"""

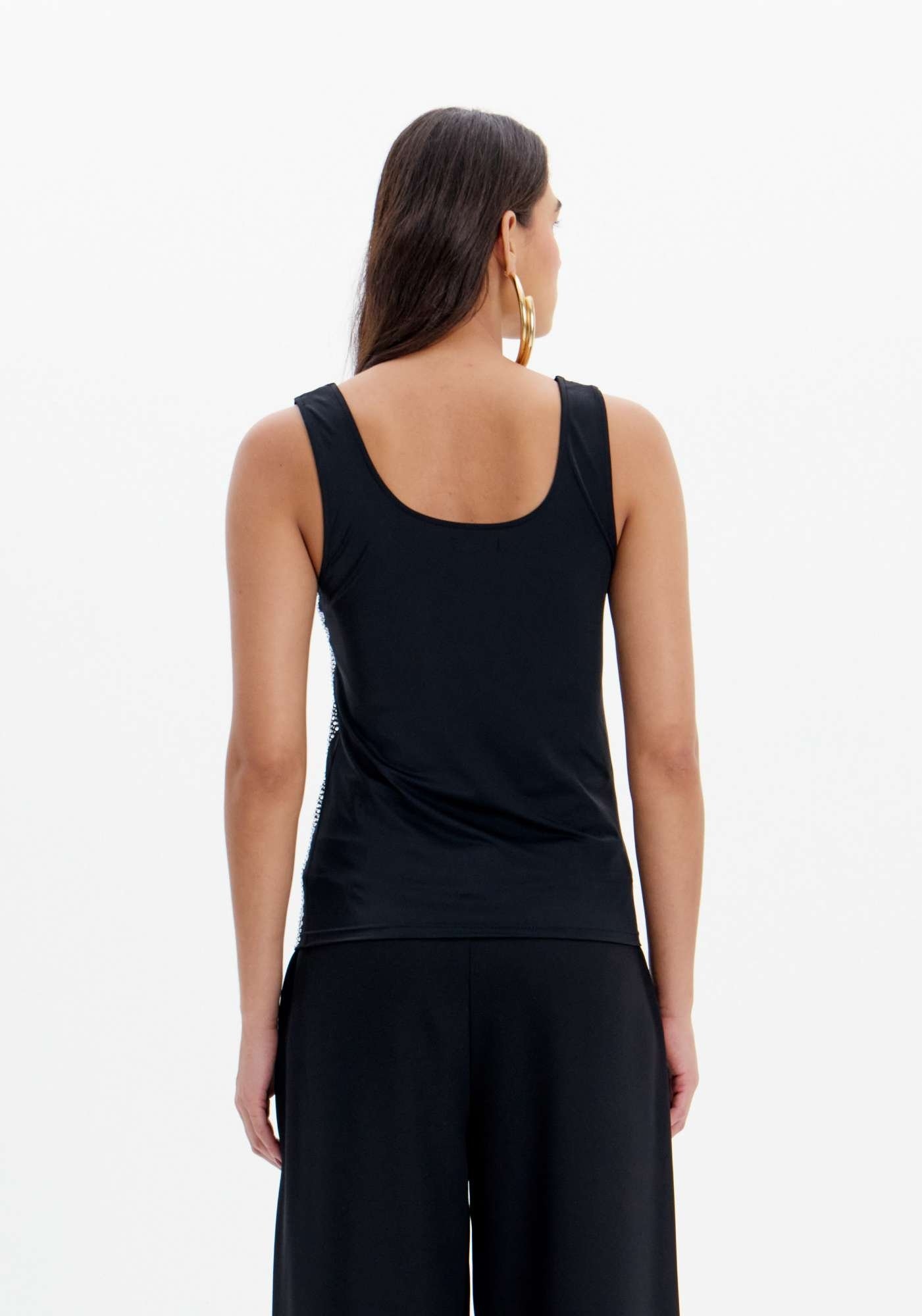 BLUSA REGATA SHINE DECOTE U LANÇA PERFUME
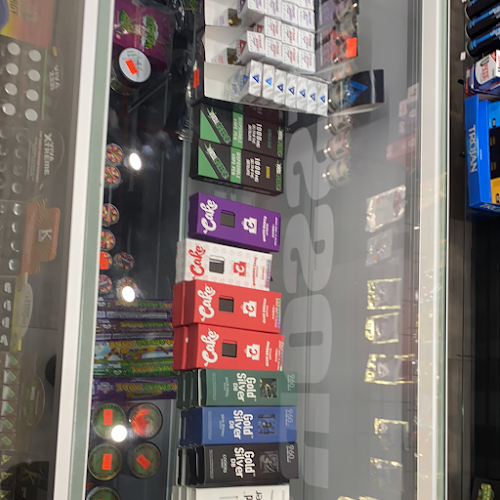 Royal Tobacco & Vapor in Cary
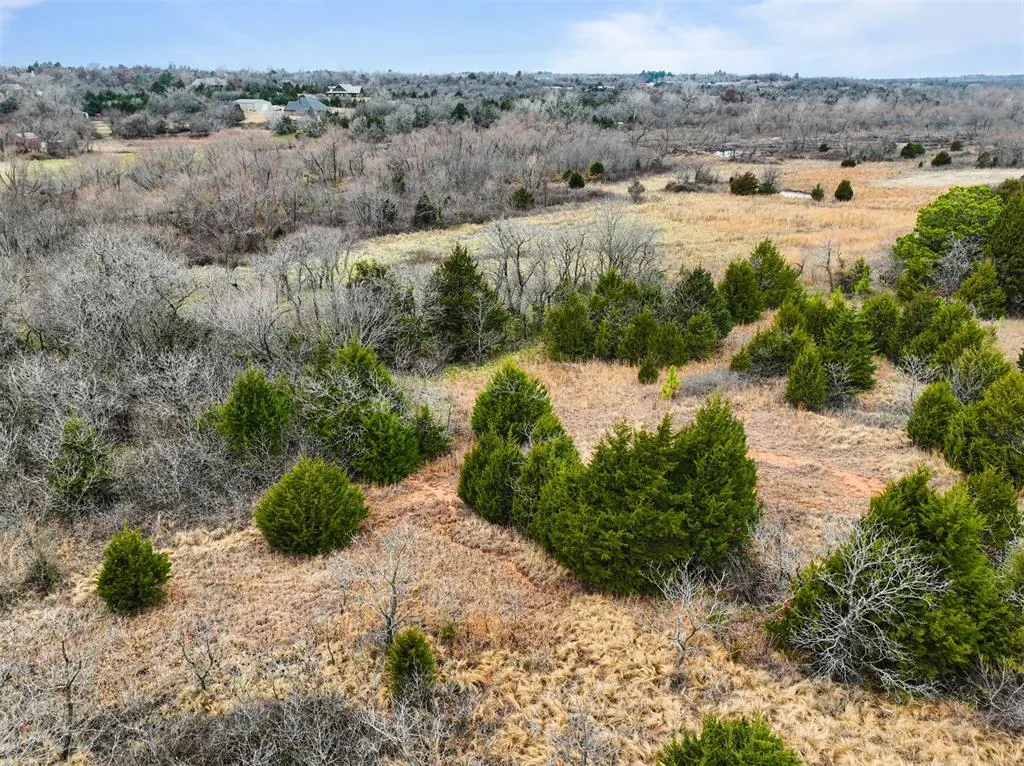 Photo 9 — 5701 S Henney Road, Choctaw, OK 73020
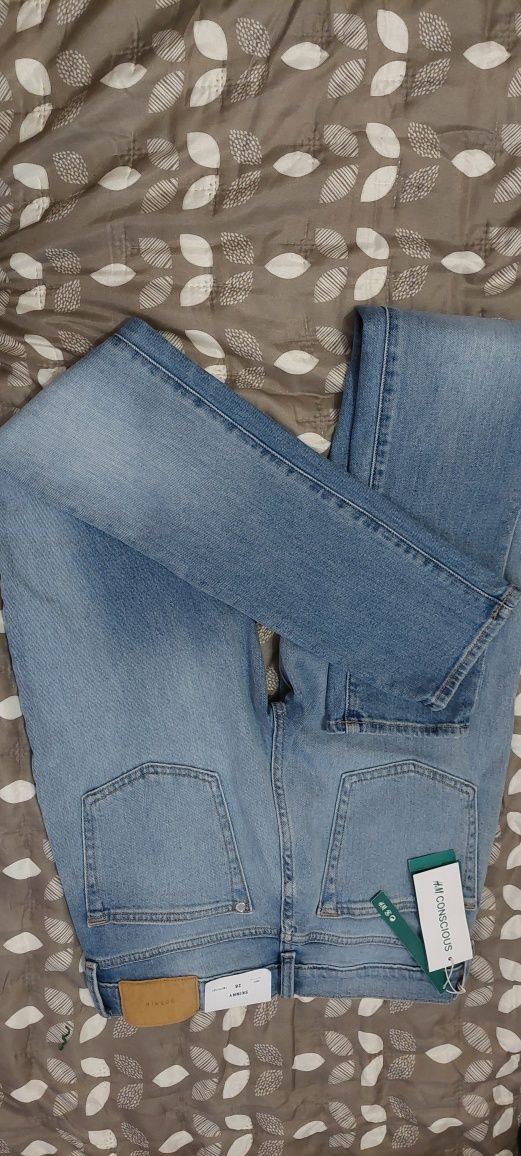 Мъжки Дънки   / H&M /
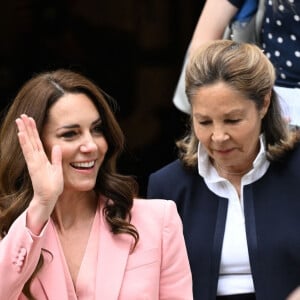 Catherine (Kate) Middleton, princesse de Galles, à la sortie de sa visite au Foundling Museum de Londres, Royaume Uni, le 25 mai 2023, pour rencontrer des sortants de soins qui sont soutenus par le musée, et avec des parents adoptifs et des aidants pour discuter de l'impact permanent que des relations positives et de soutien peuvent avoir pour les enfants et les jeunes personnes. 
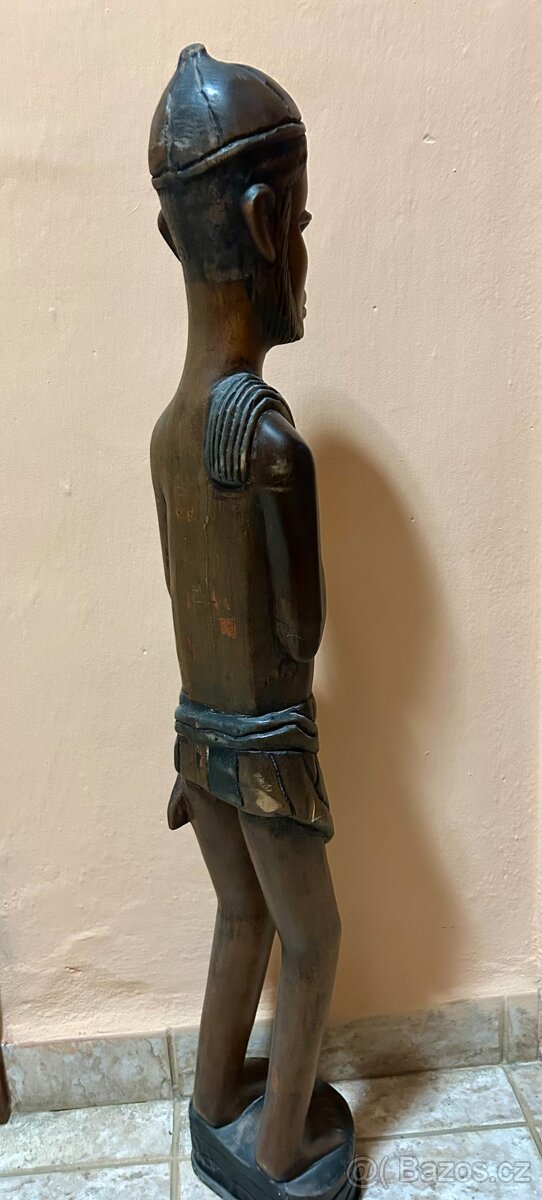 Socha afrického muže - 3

"""
"""

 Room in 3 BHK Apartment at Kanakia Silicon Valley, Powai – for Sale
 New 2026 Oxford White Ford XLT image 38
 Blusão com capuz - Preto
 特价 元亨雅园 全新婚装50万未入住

"""

** WHAT YOU ARE ASKED TO DO **
Everything above from the line containing "Catherine (Kate) Middleton, princesse" down to the line containing "Socha afrického muže - 3" is to be duplicated exactly, both lines included, and the pictures are to be omitted.

** EXERCISE RESULT **
 Catherine (Kate) Middleton, princesse de Galles, à la sortie de sa visite au Foundling Museum de Londres, Royaume Uni, le 25 mai 2023, pour rencontrer des sortants de soins qui sont soutenus par le musée, et avec des parents adoptifs et des aidants pour discuter de l'impact permanent que des relations positives et de soutien peuvent avoir pour les enfants et les jeunes personnes. 
 Socha afrického muže - 3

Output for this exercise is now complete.